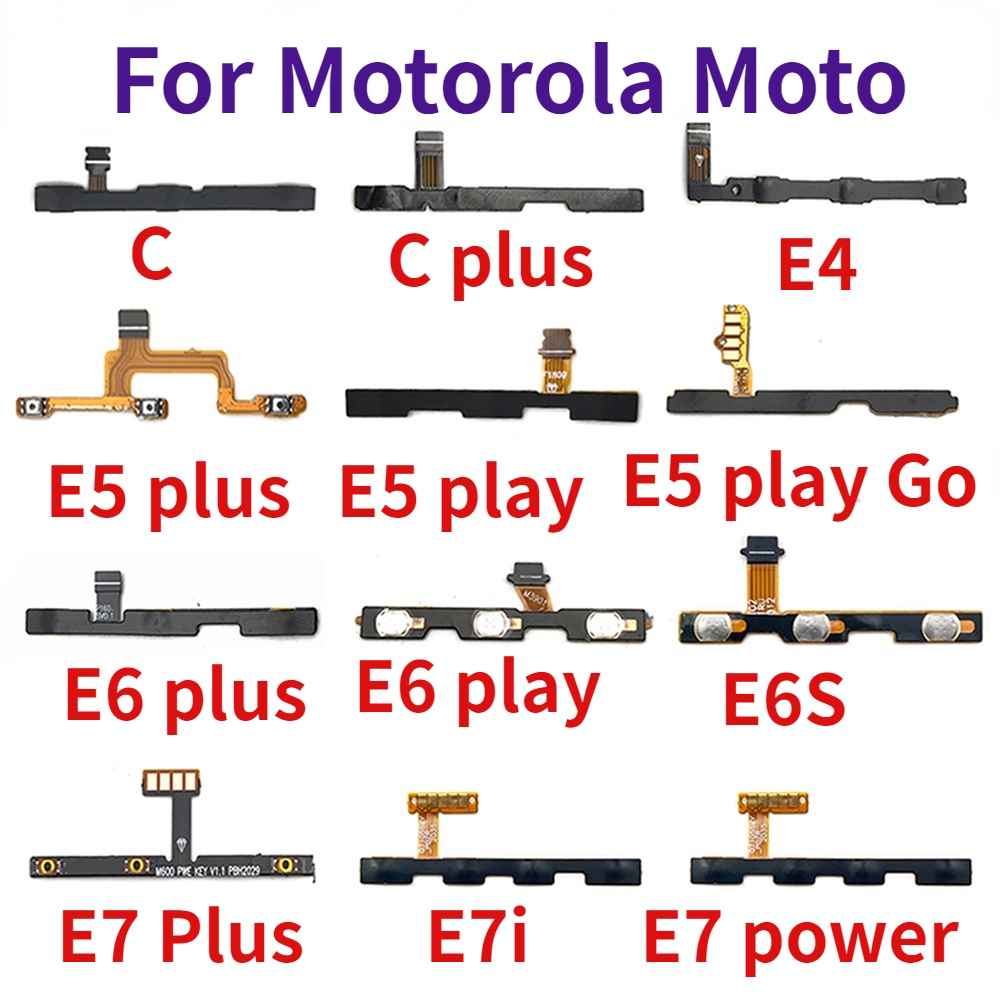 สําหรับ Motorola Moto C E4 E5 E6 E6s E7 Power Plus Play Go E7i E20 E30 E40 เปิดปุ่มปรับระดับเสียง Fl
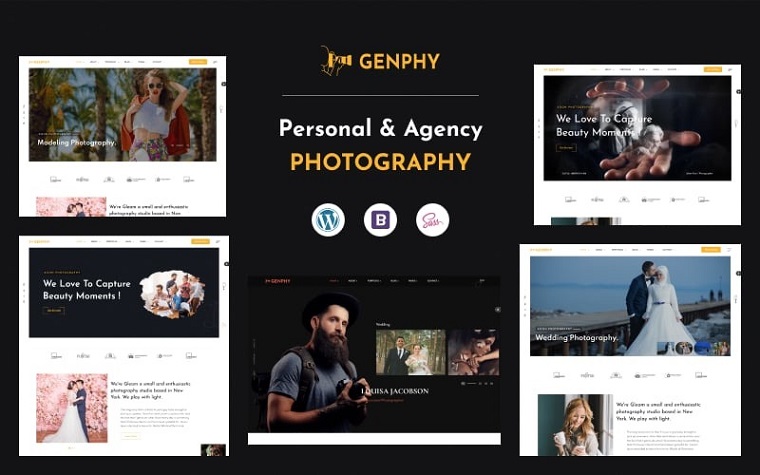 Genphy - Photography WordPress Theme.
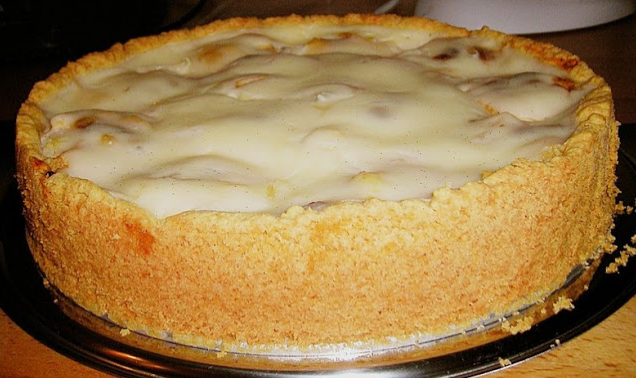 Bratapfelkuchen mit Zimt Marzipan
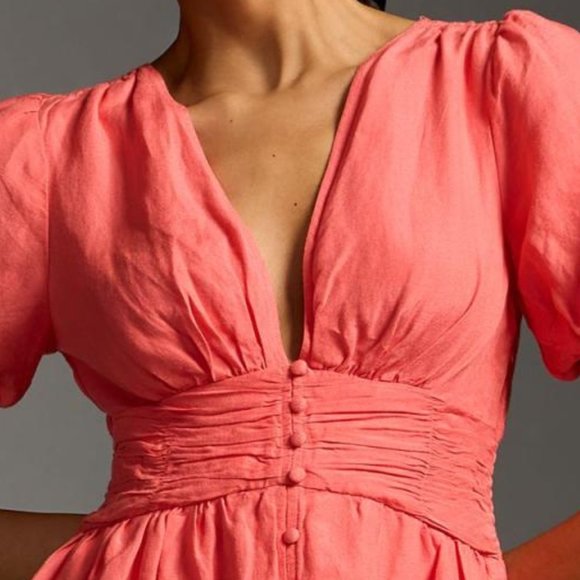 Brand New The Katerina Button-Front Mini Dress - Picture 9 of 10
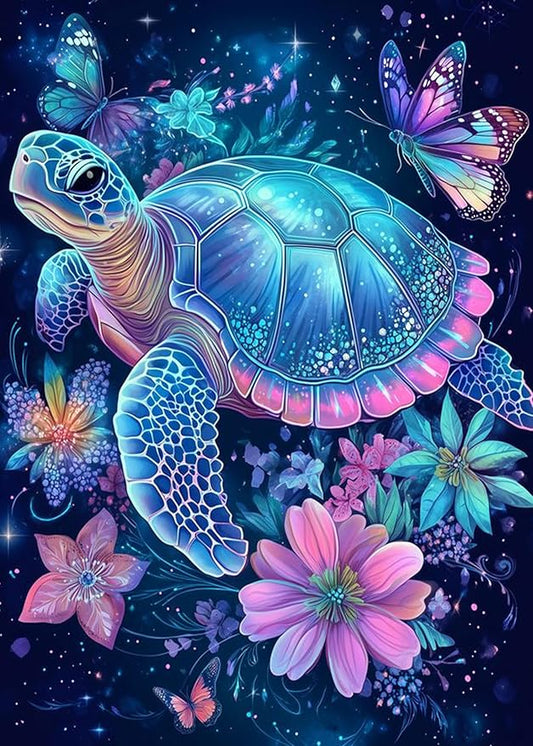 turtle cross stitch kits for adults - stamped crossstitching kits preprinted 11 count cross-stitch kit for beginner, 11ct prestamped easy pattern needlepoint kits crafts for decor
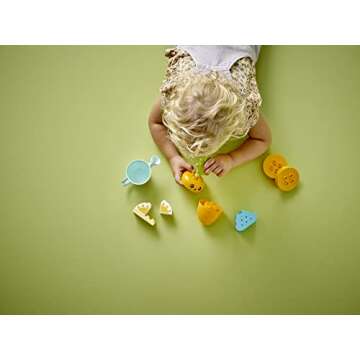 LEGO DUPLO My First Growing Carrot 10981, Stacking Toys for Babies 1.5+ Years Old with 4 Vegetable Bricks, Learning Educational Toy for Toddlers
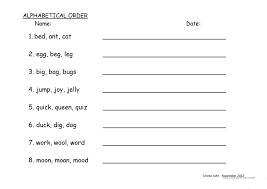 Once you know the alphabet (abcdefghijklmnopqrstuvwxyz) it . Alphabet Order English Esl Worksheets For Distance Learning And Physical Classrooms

======

Task objective » The output is the lines from the start of the data above through the line containing "turtle cross stitch", unchanged, with any picture left out.

Answer box »
 สําหรับ Motorola Moto C E4 E5 E6 E6s E7 Power Plus Play Go E7i E20 E30 E40 เปิดปุ่มปรับระดับเสียง Fl
 Genphy - Photography WordPress Theme.
 Bratapfelkuchen mit Zimt Marzipan
 Brand New The Katerina Button-Front Mini Dress - Picture 9 of 10
 turtle cross stitch kits for adults - stamped crossstitching kits preprinted 11 count cross-stitch kit for beginner, 11ct prestamped easy pattern needlepoint kits crafts for decor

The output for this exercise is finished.